| By Brian Coleman


The rollercoaster ride that has been 2020 has seen tennis go through peaks and valleys in terms of participation throughout the year. The global pandemic led to a shutdown initially, but as tennis was deemed a safe sport, camps returned in the summer and clubs opened back up with safety protocols in place, resulting in an increased participation level, according to the USTA.

One person who saw this trend was Bill Levin, Owner of Topspin Tennis in Syosset. For more than 40 years, Levin and his family have been one of the top providers of tennis equipment for Long Islanders, and at the forefront of what he calls “Racket Science.”

“Through all the ups and downs businesses typically have, 2020 has obviously been the most volatile and unpredictable year of all,” he said. “When the pandemic emerged in March and April, our sales were basically zero. But for May and the rest of the year, there was a growth of sales like we’ve never seen before.”

Levin explains his thoughts on why that happened.

“We attribute the surge to a few factors,” he said. “First, we noticed an uptick of new players who were looking for physical activity, outside of the gym, which was socially distant and fun. And then there were those people who hadn’t played in 15-20 years who dug their rackets out of the attic or garage and headed to the courts again. These folks regained their love for the game and I believe most of them will continue or fantastic “Sport for Life”. And those frequent players continued to hit the courts with more frequency. Add it all up and we witnessed unprecedented waiting lines and crowds for the public and school courts.

Also noteworthy was that we saw large tennis organizations finally come out with a TV commercial promoting the social and health benefits which was widely neglected in the past.”

Levin knows a thing or two about the Long Island tennis community, and his thoughts on the state of tennis here come from his long experience as a key cog in the community. His parents started Topspin in 1977, and a few years later, Levin would buy the business and has been at the helm ever since.

“The opportunity to come and own my own business was too good to pass up. And it’s the tennis business, a fun business in the best sport. So my wife and I bought the business and the rest is history,” said Levin, who played baseball and hockey growing up, but was always a tennis fan. “You learn how to do things,” Levin said of owning a tennis shop having never played the sport beforehand. “I loved watching the sport. I started taking lessons myself, and started stringing rackets, and within a year, I was on top of it. It’s a job, yes, but it’s also a pastime.”

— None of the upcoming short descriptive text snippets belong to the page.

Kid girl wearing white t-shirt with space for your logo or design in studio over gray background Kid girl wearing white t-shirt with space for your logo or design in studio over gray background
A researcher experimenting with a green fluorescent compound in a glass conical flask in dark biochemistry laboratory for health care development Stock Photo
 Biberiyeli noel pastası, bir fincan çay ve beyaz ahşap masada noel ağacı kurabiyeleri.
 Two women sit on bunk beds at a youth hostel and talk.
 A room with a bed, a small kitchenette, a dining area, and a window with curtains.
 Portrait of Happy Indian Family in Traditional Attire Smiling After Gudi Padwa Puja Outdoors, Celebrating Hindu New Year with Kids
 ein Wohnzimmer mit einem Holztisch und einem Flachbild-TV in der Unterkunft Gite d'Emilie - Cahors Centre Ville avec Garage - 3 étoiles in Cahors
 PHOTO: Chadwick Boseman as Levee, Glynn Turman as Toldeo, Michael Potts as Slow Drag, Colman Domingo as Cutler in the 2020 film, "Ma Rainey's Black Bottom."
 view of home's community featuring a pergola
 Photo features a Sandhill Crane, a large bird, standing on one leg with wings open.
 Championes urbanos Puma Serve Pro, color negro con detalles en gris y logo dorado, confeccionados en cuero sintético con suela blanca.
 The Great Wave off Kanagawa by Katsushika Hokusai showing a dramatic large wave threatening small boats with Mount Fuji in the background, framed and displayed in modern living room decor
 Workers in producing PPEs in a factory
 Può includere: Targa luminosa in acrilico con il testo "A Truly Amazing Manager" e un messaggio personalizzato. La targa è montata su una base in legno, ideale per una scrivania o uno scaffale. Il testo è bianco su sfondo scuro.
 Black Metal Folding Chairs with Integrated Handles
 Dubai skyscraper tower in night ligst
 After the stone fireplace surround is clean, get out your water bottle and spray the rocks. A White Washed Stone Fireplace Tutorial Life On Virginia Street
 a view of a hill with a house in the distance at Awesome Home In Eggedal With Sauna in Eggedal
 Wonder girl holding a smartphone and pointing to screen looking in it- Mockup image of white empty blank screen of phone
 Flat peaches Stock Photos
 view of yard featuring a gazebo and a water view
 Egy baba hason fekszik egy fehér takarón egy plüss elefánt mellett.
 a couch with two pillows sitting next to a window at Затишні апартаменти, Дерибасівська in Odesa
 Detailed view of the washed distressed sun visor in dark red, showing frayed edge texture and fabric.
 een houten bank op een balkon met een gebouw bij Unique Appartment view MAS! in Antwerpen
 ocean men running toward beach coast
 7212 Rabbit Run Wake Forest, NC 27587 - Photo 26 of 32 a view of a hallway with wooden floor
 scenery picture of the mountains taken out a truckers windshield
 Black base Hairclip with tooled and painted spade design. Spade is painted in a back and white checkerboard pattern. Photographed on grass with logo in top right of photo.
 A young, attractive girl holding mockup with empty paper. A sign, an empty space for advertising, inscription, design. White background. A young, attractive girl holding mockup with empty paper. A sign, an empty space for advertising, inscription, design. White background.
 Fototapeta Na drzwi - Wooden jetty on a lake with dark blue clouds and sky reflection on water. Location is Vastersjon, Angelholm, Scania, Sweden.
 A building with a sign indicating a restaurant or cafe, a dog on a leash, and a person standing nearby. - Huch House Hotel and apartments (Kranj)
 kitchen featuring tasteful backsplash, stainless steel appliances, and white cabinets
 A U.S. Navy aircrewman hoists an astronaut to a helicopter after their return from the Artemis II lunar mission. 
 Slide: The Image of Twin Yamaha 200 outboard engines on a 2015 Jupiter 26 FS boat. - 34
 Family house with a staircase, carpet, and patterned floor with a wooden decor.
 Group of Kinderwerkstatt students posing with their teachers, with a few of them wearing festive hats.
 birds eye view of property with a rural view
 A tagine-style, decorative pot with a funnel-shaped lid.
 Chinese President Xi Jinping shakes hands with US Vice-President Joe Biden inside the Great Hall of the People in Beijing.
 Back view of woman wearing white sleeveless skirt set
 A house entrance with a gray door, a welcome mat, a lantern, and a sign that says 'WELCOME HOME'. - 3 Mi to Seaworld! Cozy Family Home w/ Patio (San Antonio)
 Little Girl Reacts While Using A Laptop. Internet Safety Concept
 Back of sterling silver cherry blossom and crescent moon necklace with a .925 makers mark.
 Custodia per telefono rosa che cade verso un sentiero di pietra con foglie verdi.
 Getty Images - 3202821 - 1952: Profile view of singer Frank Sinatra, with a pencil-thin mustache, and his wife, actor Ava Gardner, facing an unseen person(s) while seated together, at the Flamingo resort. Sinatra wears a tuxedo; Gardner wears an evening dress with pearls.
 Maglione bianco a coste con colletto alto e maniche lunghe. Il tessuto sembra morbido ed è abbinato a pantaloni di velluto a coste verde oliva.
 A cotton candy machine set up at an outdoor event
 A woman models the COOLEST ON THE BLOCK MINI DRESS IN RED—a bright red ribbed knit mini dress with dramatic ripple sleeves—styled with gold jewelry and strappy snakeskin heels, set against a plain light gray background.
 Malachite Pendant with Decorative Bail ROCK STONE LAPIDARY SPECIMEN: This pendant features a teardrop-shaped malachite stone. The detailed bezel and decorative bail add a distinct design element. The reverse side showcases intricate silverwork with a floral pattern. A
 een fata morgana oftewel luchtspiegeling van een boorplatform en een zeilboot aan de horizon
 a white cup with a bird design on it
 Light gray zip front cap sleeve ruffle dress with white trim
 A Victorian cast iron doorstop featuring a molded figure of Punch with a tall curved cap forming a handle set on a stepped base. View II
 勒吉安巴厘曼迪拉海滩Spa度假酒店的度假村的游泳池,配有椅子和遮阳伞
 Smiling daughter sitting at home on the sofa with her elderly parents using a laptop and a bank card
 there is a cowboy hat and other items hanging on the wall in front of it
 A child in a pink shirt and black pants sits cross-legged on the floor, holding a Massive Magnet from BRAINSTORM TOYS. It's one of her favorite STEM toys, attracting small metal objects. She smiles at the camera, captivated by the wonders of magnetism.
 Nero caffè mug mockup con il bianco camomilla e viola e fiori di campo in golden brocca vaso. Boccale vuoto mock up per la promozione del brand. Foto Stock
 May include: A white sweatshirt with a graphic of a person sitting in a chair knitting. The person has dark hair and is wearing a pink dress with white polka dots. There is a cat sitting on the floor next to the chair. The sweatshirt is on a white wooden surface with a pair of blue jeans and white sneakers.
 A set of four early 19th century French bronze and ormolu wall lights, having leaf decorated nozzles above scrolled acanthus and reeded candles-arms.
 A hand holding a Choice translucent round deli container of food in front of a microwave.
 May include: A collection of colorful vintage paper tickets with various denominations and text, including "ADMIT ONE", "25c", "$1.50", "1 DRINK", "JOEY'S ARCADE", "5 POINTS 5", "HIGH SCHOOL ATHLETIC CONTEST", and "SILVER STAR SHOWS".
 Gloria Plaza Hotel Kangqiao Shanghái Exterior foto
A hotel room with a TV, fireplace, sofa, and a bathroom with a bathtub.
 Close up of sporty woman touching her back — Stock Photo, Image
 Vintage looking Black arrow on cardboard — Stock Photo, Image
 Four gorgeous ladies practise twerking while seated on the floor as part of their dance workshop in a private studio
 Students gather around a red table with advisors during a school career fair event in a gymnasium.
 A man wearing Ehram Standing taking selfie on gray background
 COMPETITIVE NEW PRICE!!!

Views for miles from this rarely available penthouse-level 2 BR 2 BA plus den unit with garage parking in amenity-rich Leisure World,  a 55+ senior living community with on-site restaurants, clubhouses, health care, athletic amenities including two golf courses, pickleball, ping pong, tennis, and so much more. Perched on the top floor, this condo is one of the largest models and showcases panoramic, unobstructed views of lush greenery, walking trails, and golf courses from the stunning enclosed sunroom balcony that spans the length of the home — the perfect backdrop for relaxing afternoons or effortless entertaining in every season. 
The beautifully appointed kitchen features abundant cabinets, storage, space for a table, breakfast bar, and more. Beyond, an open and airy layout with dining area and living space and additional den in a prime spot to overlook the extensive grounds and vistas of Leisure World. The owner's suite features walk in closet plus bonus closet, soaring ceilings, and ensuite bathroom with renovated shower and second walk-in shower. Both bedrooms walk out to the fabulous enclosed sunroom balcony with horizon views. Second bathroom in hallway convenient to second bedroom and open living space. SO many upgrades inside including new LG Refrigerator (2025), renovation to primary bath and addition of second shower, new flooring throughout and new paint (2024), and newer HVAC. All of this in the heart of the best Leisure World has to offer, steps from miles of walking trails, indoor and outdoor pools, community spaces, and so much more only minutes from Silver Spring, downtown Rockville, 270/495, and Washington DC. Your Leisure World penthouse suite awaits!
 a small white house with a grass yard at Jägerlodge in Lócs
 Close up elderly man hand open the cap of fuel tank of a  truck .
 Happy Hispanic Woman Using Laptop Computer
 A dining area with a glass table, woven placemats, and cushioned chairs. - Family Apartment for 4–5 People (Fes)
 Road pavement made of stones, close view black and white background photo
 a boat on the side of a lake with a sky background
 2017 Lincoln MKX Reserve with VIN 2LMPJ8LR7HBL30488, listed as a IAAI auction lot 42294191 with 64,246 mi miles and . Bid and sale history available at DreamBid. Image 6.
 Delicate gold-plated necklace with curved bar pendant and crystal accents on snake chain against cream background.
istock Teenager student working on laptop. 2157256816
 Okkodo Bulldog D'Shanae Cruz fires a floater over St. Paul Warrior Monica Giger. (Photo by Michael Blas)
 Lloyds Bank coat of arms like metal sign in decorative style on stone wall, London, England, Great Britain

He takes great pride in being a top provider of tennis apparel, equipment and more to local residents, and his shop has also served as a hangout place for tennis enthusiasts.

“We connect with our customers. We’re similar to our corner bar, like the television show ‘Cheers’ where folks can hang out and watch the tennis channel,” said Levin. “Ironically, even with the changing retail environment, we’ve been able to thrive because of our huge selection, customer service, guaranteed satisfaction and the lowest prices. Our customers keep coming back because we have the largest inventory of shoes and rackets on Long Island. We have a comfortable atmosphere here. The people coming in are playing a sport, not going to the dentist, so they are upbeat, and it makes for a fun way to make a living.”

This year, of course, has been a bit different. With social distancing and limits on gatherings, it’s tougher to be around large groups of people, but there is hope that changes as we progress through 2021. As a integral member of the local tennis community, Levin has seen just how much the businesses have done to limit the spread of the virus by enacting safety measures so that the tennis business can continue to operate.

“No one knows what to expect for the coming months, but there is hope the virus will end when the vaccine is widely available. By this coming summer, I believe there will be more tennis, and pickleball, being played on Long Island than ever before,” he said. “Kudos to all the operators of the tennis clubs and facilities in Nassau and Suffolk counties. They have kept to strict safety protocols which have protected the players extremely well. These measures enhanced not only their business but added to the health of the community.”

Levin is confident that these measures have helped, and we will come out on the other side better than ever. As a business owner, having to adjust and adapt is nothing new, and he is optimistic for what 2021 and beyond will bring.

“With regards to Topspin’s business, we must always be adaptable to changes in our industry, such as the internet, competition and other trends that keep us on our toes,” he said. “Our business has been a Labor of Love, and we will continue to participate in the continuous growth of tennis for years to come.”